Credit Markets Observe A Few Uncertain Symbols Of Thaw

14 October, 2008

The pressurized credit markets observe a just a few clues of easing after the Federal Reserve reduced the target fed finances rate by a half-point to 1.5 percent. The Fed also condensed its urgency lending rate to banks by half a percentage point to 1.75 percent, and increased the limit that primary-dealer banks can use in securities from the Fed to $5 billion from $4 billion. The Treasury Department, meanwhile, stated that it will enhance the amount of Treasury securities being sold to the public. It is possible that the government's hard work will seize more time to work their way through the troubled monetary system before lending significantly shaken off again.

According to Robert Dye, senior economist for PNC Financial Services Group, "These credit market situations did not turn out overnight, and it is not going to be resolved in one night, either." However, this critical situation can be solved by borrowing finances through unsecured loans. These loans provide financial backing to cope with the pressure of troubled financial system.

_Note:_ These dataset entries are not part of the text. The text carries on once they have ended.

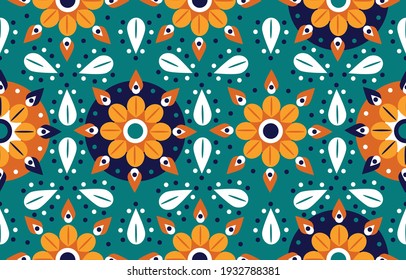 Ethnic flower pattern art. Seamless pattern in tribal, folk embroidery, and Mexican style. Aztec geometric art ornament print.Design for carpet, wallpaper, clothing, wrapping, fabric, cover, textile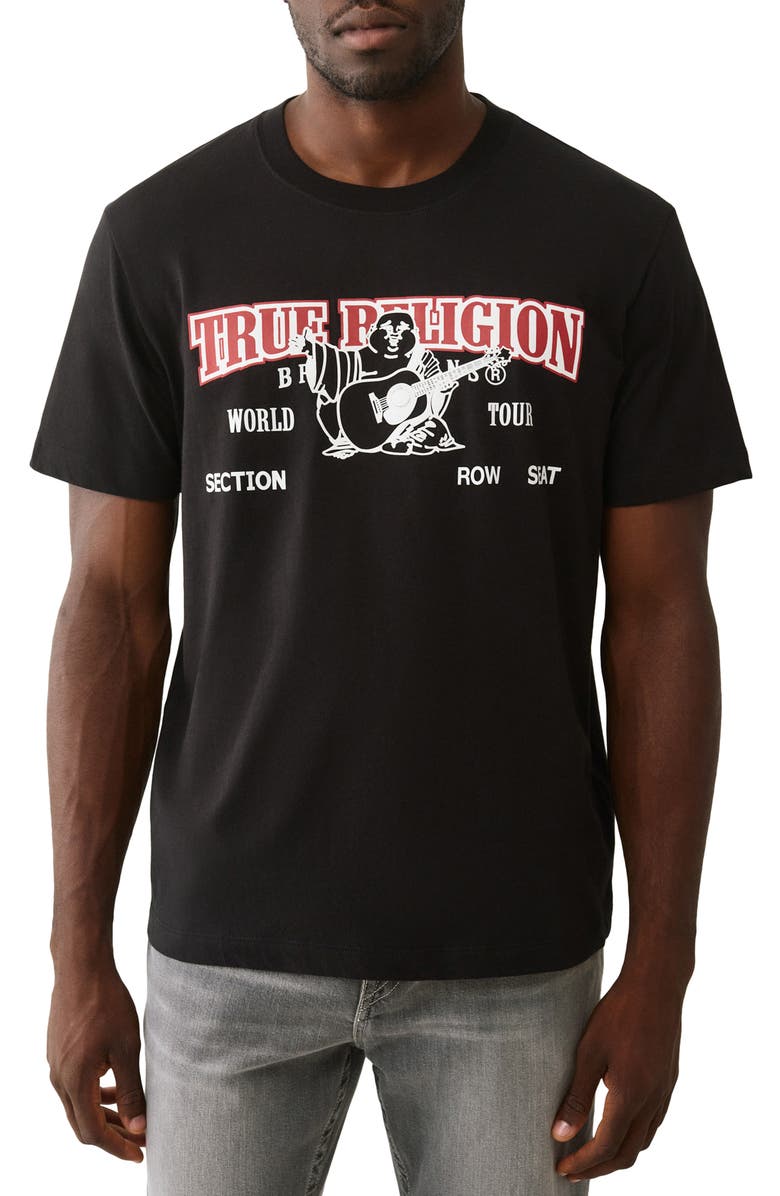 True Religion Buddha Arch Logo Graphic T-Shirt, Main, color, Jet Black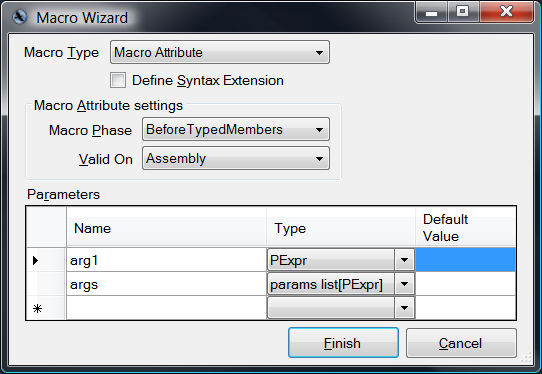 "Macro Wizard" dialog box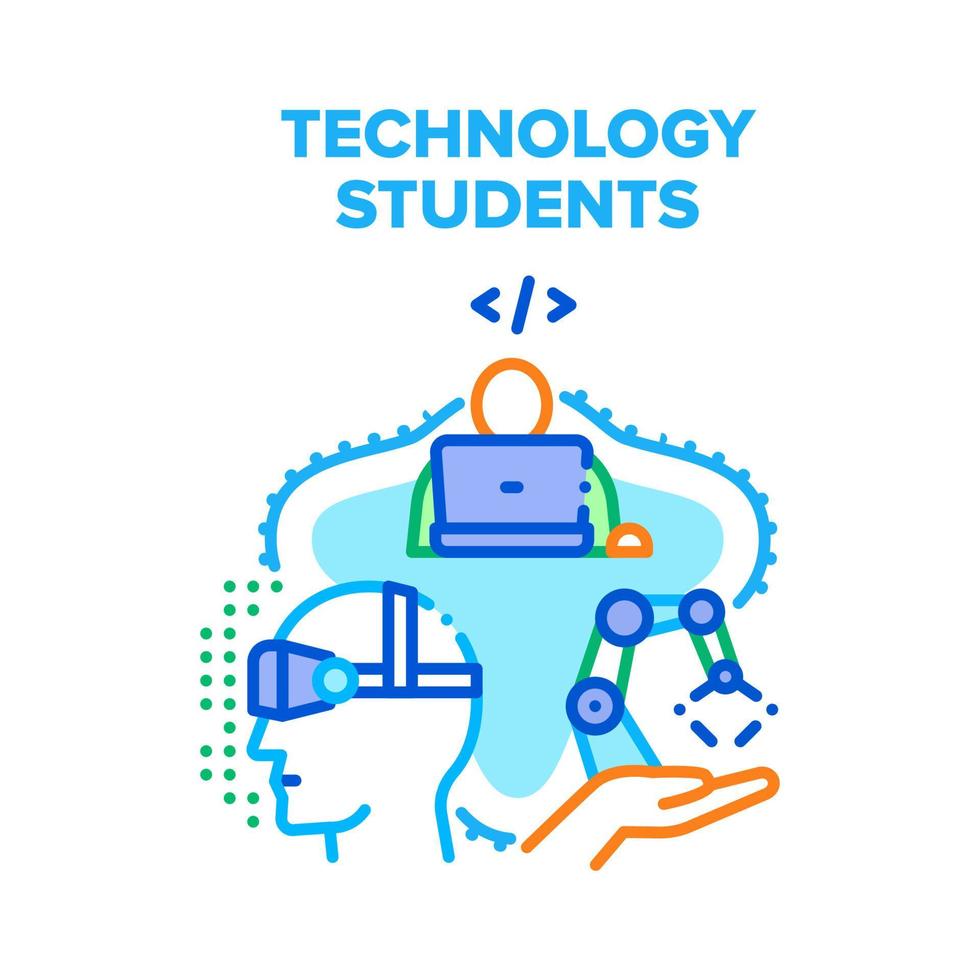 Technology Students For Study Vector Concept Color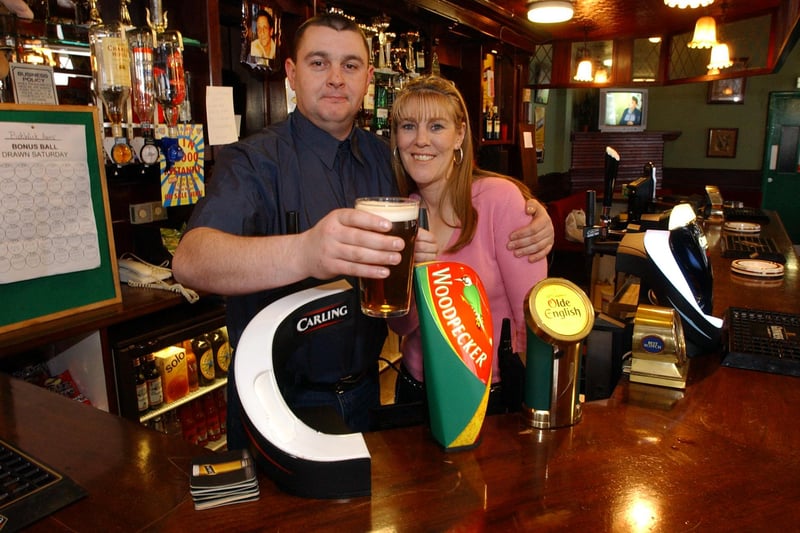 Back to 2004 and the new tenants of the Pickwick Arms - David Spraggon and Christine Campbell - were pictured at the pub.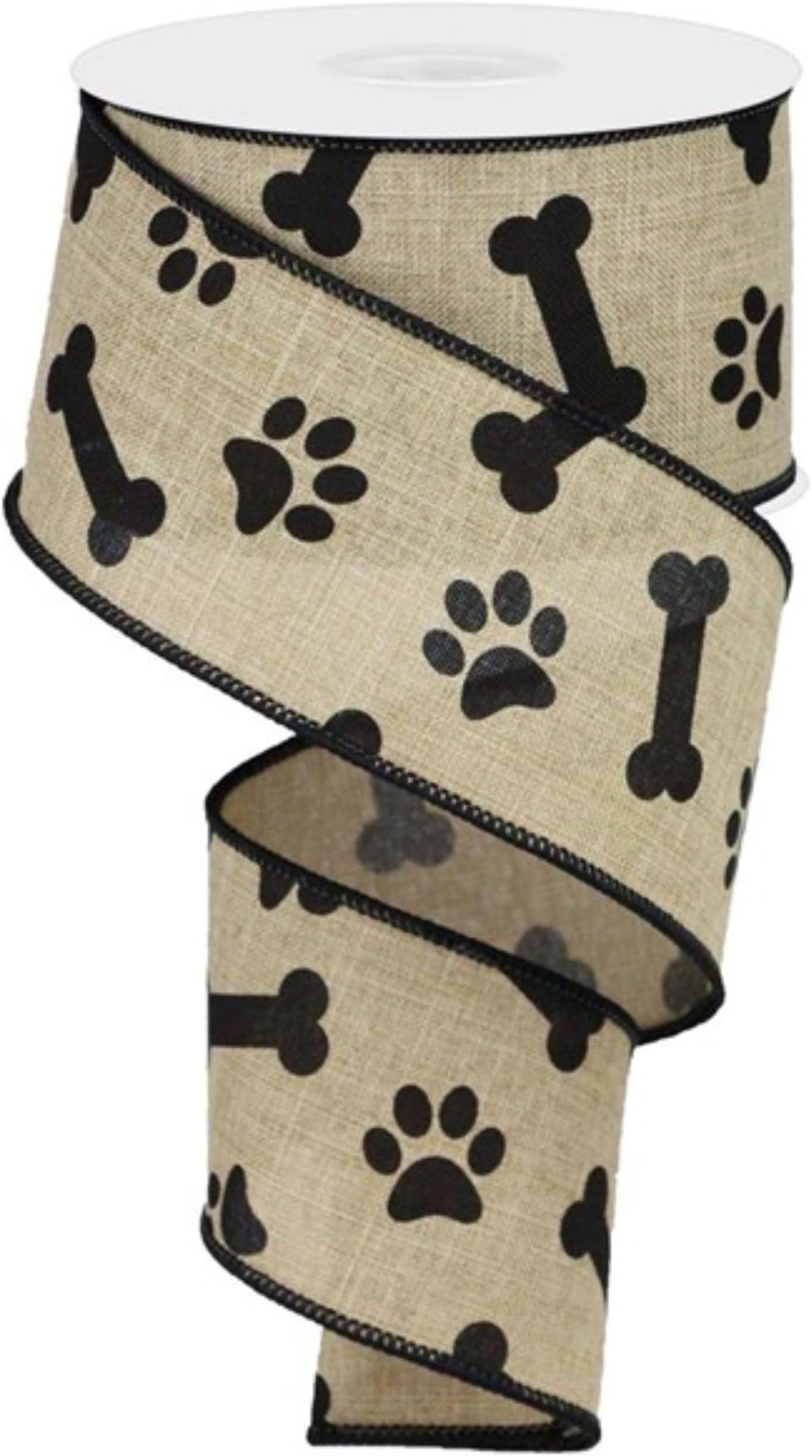 Dog Paw Print Wired Ribbon, Black and Grey Paw Ribbon with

"If banks could find an appropriate means of improving capital, they'd begin to shaken up on credit. But if you do not know about your capability to increase the capital, you cannot afford to make a bad loan. The capital issue has to be solved first" revealed by Kevin Giddis, managing director of fixed income at Morgan Keegan.

Giddis added that the rates for 30-day commercial paper, for example, dropped by about 0.20 to 0.40 percentage points after the declaration of the Fed that it would begin purchasing top-tier commercial paper.

Commercial paper can be instant loans that used by the companies to fulfill their immediate cash needs, such as maintaining inventories and payroll. The biggest buyers have tended to be money market funds but those funds have recently been collecting to Treasury's instead, as they are under pressure about worsening of companies, as Lehman Brothers Holdings Inc. did.